Julia Wolfe, a composer associated with the New York music collective Bang on a Can, has won the Pulitzer Prize for music for Anthracite Fields. The Pulitzer jury described the piece as "a powerful oratorio for chorus and sextet evoking Pennsylvania coal-mining life around the turn of the 20th century." The hourlong work was commissioned by the Mendelssohn Club of Philadelphia, which gave the world premiere, along with the Bang on a Can All-Stars, April 26, 2014 in Philadelphia.

Wolfe, a co-founder of Bang on a Can and a former finalist for the prize, is the second composer from the group to win a Pulitzer. David Lang, another co-founder, won in 2008 for The Little Match Girl Passion, also a choral work. The two other finalists in the music category this year were Lei Liang, whose piece Xiaoxiang was described as a concerto for alto saxophone inspired by a widow's wail, and John Zorn, whose piece The Aristos is a "demonstration of the brain in fluid, unpredictable action" for violin, cello and piano.

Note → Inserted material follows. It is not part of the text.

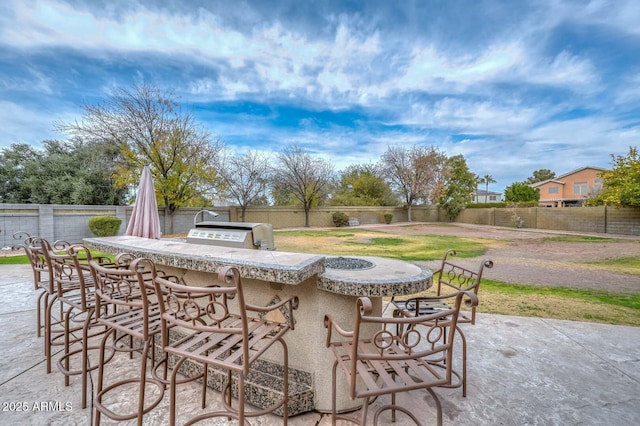 view of patio / terrace with area for grilling, exterior bar, and an outdoor kitchen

By telephone Monday afternoon, the 57-year-old composer, originally from Pennsylvania, spoke with me from her home in Manhattan, where she had been reveling in the news with Lang and another Bang on a Can co-founder, her husband, Michael Gordon. Wolfe took more than a year to write and research the work, visiting museums and interviewing miners. While talking to one daughter and granddaughter of miners, Wolfe discovered that in the small mining villages women spruced up their impoverished existences with gardens and flowers. That image, and a list of those flowers, forms one section of the piece.

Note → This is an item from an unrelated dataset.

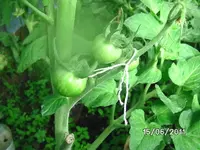 BILD0032.webp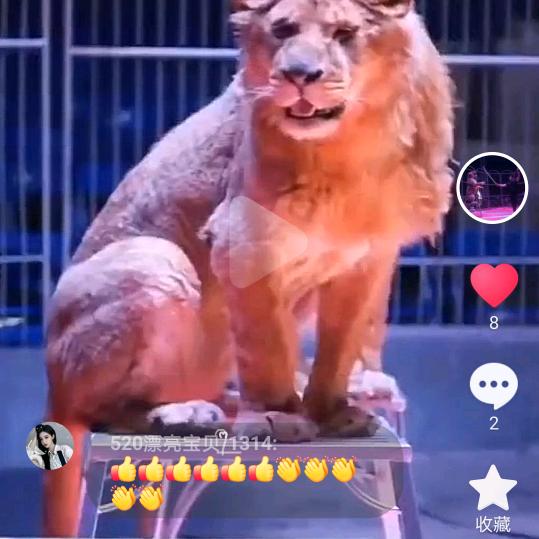 杂技阿豪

Tom Huizenga: The piece is almost a public history project and a music project at the same time.

Julia Wolfe: Yes. With this piece, and the piece before, Steel Hammer, I return to this fascination I have with labor history and somehow finding a way to tell that story in music. I wrote the text — I really gleaned the text — because I'm taking from oral histories and political speeches and texts of ballads. So it was a very interesting coming home. There's definitely a little history and an interesting way of looking at ourselves. It's not a literal narrative. It really is getting at the story from many different angles.

Huizenga: Tell us a little about how the piece is structured and how it's put together.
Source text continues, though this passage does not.